Let’s see… gang lords are dueling with “Los Federales” as well as the local cops (at least the ones they haven’t bought off yet), mostly using arms “imported” from the U.S., to insure the safe passage of drugs through Mexico to its biggest, baddest buyer (the U.S.); the violence across the nation wasn’t bad enough so they made sure that outbreaks of A/H1N1 flu (swine time) kept hotel occupancy in resort towns to ghost town levels; one fifth of the Mexican economy was generated by hot manufacturing demand from Mexico’s friendly neighbor to the north – but consumer demand is hemorrhaging red ink in this country; and Mexico’s economy makes even California look good!

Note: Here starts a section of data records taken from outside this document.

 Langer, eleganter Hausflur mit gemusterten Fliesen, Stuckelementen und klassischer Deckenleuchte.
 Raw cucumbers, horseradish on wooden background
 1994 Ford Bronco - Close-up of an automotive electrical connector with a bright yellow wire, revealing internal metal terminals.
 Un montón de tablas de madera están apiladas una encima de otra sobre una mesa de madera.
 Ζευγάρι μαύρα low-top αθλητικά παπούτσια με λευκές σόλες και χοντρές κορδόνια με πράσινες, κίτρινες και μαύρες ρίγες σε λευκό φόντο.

The numbers get downright nasty. If we compare first quarter performance (GDP change, 2008 to 2009) as did the Wall Street Journal in their warm and fuzzy WORLD ECONOMIES PLUMMET headline on May 21st, we can see that the U.S. sucks with a 6.3% contraction, Germany is flailing with a 14.4% downfall, Japan jerks desperately down with a 15.2% drop and then there is Mexico… oh my God, there is Mexico… a 21.5% plunge off the cliff (and we’re not talking pearl divers!). They recently even had to withdraw a governmental bond issue from the international market (they run a deficit too) when there were almost no takers.

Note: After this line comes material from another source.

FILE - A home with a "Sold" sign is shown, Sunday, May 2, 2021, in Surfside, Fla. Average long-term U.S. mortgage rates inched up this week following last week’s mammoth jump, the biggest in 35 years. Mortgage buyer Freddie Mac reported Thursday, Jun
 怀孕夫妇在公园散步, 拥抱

Tourists? Not even swine tourists? Revenues from this critical sector, its third biggest market segment (employing 2 million people), were $13 billion last year… $9 billion in 2009 if they’re lucky. Last year at this time, hotel occupancy was at a healthy 74%, and now it’s an “echo-in-the-halls” 29%!

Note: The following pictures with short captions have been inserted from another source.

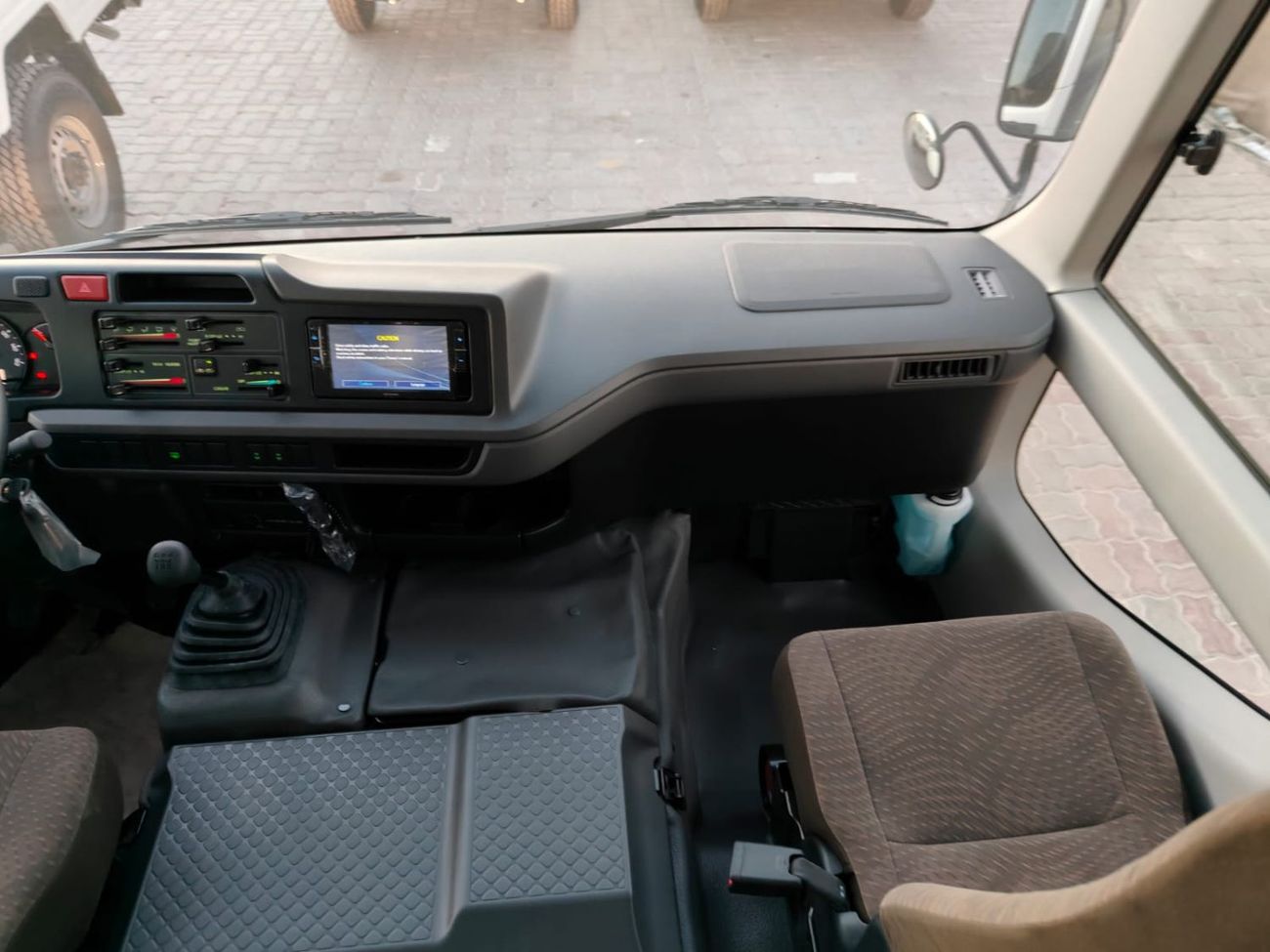 تويوتا كوستر 2025 Toyota Coaster High-Roof 23-Seater (3-Point Seatbelts) 4.0L 4-Cyl Turbo Diesel M/T RWD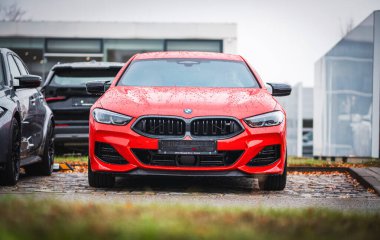 Brno, Çek Cumhuriyeti - 25 Kasım 2023: Siyah ızgaralı kırmızı BMW M spor arabasının ön görüntüsü. Sonbaharda yağmur damlalarından ıslanan araba dışarıda..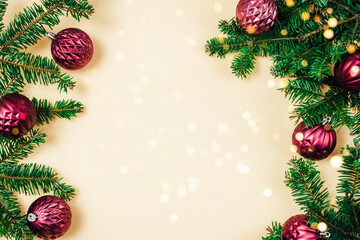 fir branches and purple christmas baubles with golden bokeh lights on beige background. top view, fl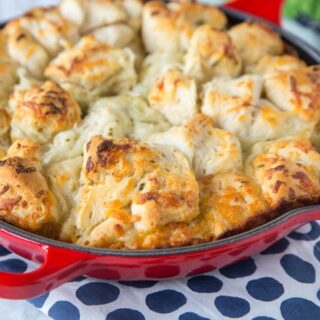 Italian Cheese Pull Apart Bread - make this easy side dish any night of the week. Open a can of biscuits, toss with butter, seasonings, cheese and bake!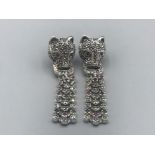 A pair of silver and marcasite designer style leopard head earrings with ruby eyes 13.10g gross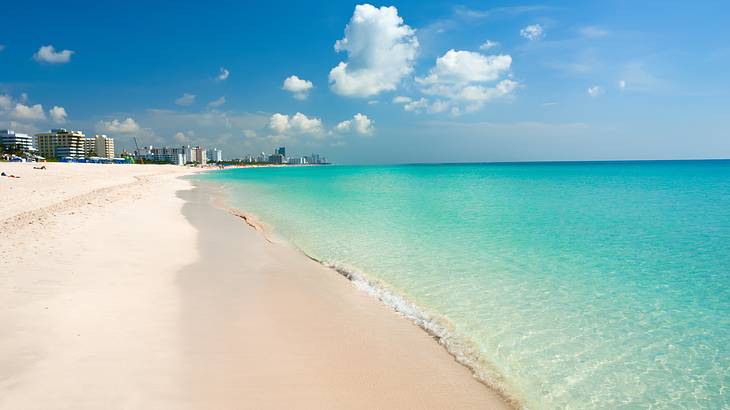 A white sand beach with crystal blue water and buildings in the distance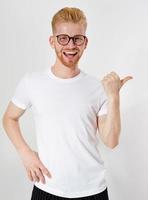 Stylish red-haired smile man in a white T-shirt points a finger to the side photo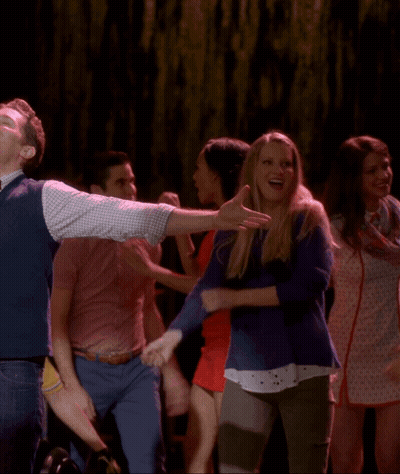 Group Dancing In Dark Room Man Pointing At Sky GIF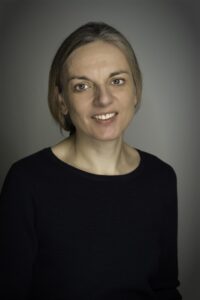 Headshit image of a middle-aged woman with blonde hair in a ponytail wearing a black crew neck t-shirt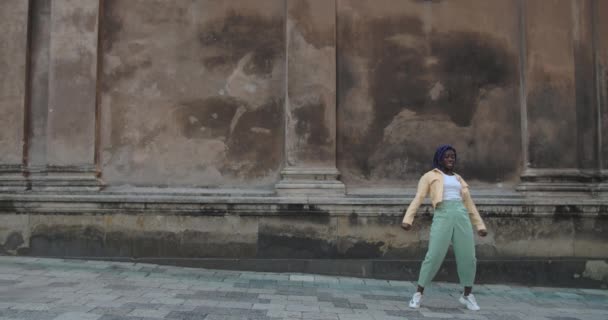 古い街の通りで踊る幸せな魅力的な女性ダンサー。屋外で動きをしながらカメラを探している若い女性ダンサー。良い気分、現代的なライフスタイルの概念. — ストック動画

Mexico was “blessed” with being a large vendor-manufacturer to the American automakers… how nice. Just visualize the factories and the workers down there with a 41% decline in orders. Yes, Mexico is a major oil producer, and yes, oil prices recently crossed the $60 marker on their way up. But while the big fall in the price of oil has hurt our love-buddies, Iran and Venezuela (hey Mahmoud and Hugo!), it also tanked (sorry) Mexico ’s economy down to yet another grungy level.


Mexico ’s rich families are not really very good at paying taxes, so that nation has pretty much squeezed off every (government owned) oil dollar they could … not reinvesting money in deteriorating equipment or upgrading their drilling technology. When the oil money comes in, there is so much need at every level for every dollar that this equipment may fail, sequentially, at a critical time in Mexico ’s future and most certainly will result in vastly reduced output at a minimum.


Okay, there are lots of countries out there much worse off than Mexico – large chunks of Eastern Europe for example – but the big difference is that Mexico is on our border. Their problems are, like it or not, our problems. China, India, Brazil… there’s real growth in them thar hills… in Mexico, there is a sad reality that if American spending habits do not resume to pre-meltdown levels soon (and remember, this has been what many believe is a permanent “reset” with U.S. unemployment expected to linger all the way through 2010), Mexico is looking “bleak” in an ugly staredown. Must be comforting for Mexicans living in Baja California that their neighboring state to the north is also having a really bad time.


I’m Peter Dekom, and we can go back to feeling sorry for ourselves now.